Des changements structurels

La  COVID-19 a déjà apporté des changements majeurs qui auront un impact profond sur les entreprises pour les années à venir, au niveau national et international. Les épidémies ont cet effet (Wright 2020) : elles changent la façon dont les gens vivent, pensent, transigent et organisent leurs sociétés. Les plus importants de ces changements apportés à ce jour par la COVID-19 sont les suivants: la déstabilisation des institutions établies, le remodelage des chaînes d’approvisionnement mondiales, la perturbation des entreprises et des réseaux personnels existants et l’ébranlement du flux de connaissances, de capital technologique et d’idées. A cela s’ajoute le blocage des flux humains. Bien que chacun de ces changements puisse paralyser les activités commerciales des entreprises, leur effet conjoint est susceptible d’être encore plus dévastateur car ces changements sont interconnectés (Zahra 2021).

L’innovation – l’introduction de nouveaux produits, services et business – sera un élément essentiel de la reprise post-COVID-19. Les entreprises qui sont en mesure de soutenir leur activité d’innovation gagneront un avantage significatif dans toute reprise post-COVID-19. Les entreprises qui ont continué d’investir dans la R&D et l’innovation en (1) devenant plus efficaces et innovantes, (2) en s’adaptant plus facilement aux besoins changeants et aux exigences des fournisseurs, des consommateurs et d’autres parties prenantes, et (3) en améliorant leur résilience organisationnelle, ont pu maintenir leur compétitivité lors de la crise de 2008. Le maintien de l’innovation en période de crise peut être plus difficile dans les petites entreprises qui pourraient être durement touchées par les contraintes de liquidité d’après-crise.

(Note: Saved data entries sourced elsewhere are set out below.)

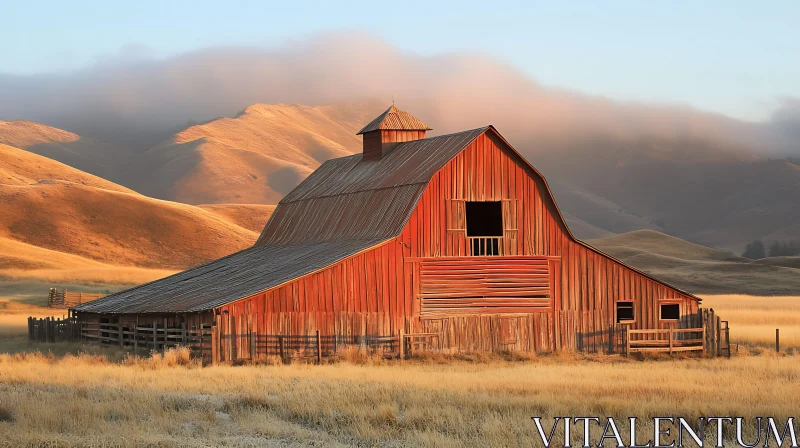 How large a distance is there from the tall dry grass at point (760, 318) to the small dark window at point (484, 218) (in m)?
10.4

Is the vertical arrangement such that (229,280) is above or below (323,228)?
→ below

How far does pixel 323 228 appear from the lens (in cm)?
4419

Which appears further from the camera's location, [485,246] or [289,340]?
[485,246]

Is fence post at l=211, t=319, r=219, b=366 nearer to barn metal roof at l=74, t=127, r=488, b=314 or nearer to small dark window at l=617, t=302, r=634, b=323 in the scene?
barn metal roof at l=74, t=127, r=488, b=314

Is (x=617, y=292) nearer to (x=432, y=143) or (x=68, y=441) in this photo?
(x=432, y=143)

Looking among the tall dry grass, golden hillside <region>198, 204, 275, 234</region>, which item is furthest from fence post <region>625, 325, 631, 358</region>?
golden hillside <region>198, 204, 275, 234</region>

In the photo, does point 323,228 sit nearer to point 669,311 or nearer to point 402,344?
point 402,344

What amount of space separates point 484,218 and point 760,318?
64.8 ft

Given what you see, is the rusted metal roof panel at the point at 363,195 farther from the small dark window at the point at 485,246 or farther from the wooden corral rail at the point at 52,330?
the wooden corral rail at the point at 52,330

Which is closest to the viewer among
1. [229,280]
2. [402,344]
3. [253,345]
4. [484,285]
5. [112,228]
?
[253,345]

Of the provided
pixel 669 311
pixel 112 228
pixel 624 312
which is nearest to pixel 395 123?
pixel 624 312

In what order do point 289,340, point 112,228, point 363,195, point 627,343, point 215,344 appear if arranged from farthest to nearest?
1. point 112,228
2. point 363,195
3. point 627,343
4. point 289,340
5. point 215,344

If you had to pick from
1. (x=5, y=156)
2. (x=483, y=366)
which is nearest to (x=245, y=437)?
(x=483, y=366)

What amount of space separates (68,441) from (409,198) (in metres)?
22.5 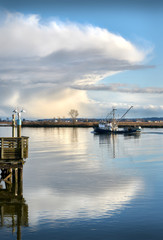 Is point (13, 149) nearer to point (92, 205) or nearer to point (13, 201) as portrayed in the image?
point (13, 201)

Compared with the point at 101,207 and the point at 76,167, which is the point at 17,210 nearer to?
the point at 101,207

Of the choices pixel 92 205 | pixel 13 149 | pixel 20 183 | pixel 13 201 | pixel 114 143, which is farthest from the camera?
pixel 114 143

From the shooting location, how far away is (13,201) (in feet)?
95.4

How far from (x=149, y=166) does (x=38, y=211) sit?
3011cm

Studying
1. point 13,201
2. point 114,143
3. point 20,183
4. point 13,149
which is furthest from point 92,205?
point 114,143

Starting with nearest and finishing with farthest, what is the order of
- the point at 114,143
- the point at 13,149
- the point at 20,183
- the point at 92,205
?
1. the point at 92,205
2. the point at 13,149
3. the point at 20,183
4. the point at 114,143

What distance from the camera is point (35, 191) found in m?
33.4

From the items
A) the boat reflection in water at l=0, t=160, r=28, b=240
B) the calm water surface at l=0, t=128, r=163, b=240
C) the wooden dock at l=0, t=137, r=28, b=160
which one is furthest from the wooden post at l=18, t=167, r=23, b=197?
the wooden dock at l=0, t=137, r=28, b=160

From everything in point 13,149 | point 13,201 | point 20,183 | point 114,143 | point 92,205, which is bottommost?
point 92,205

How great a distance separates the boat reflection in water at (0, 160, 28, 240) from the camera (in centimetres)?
2352

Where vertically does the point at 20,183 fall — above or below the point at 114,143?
above

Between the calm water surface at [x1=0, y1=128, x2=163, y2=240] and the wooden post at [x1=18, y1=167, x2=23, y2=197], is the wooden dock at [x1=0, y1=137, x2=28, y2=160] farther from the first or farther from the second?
the calm water surface at [x1=0, y1=128, x2=163, y2=240]

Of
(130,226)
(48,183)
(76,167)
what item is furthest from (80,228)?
(76,167)

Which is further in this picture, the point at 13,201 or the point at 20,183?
the point at 20,183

Toutefois, lorsque cela est possible, les PME bénéficient considérablement des investissements en R&D et en innovation, tant en termes de survie que de rentabilité. Les stratégies d’innovation et d’internationalisation restent des déterminants clés du rendement de l’entreprise.

Elizabeth Couzineau-Zegwaard et Nicolas Anne

Références

Wright, Lawrence. (2020). “Annals of History: Crossroads. A Scholar of the Plague Thinks That Pandemics Wreak Havoc—and Open Minds.” The New Yorker.

Zahra, Shaker A. (2021). “International Entrepreneurship in the Post Covid World.” Journal of World Business 56 (1). Elsevier Inc.: 101143. doi:10.1016/j.jwb.2020.101143.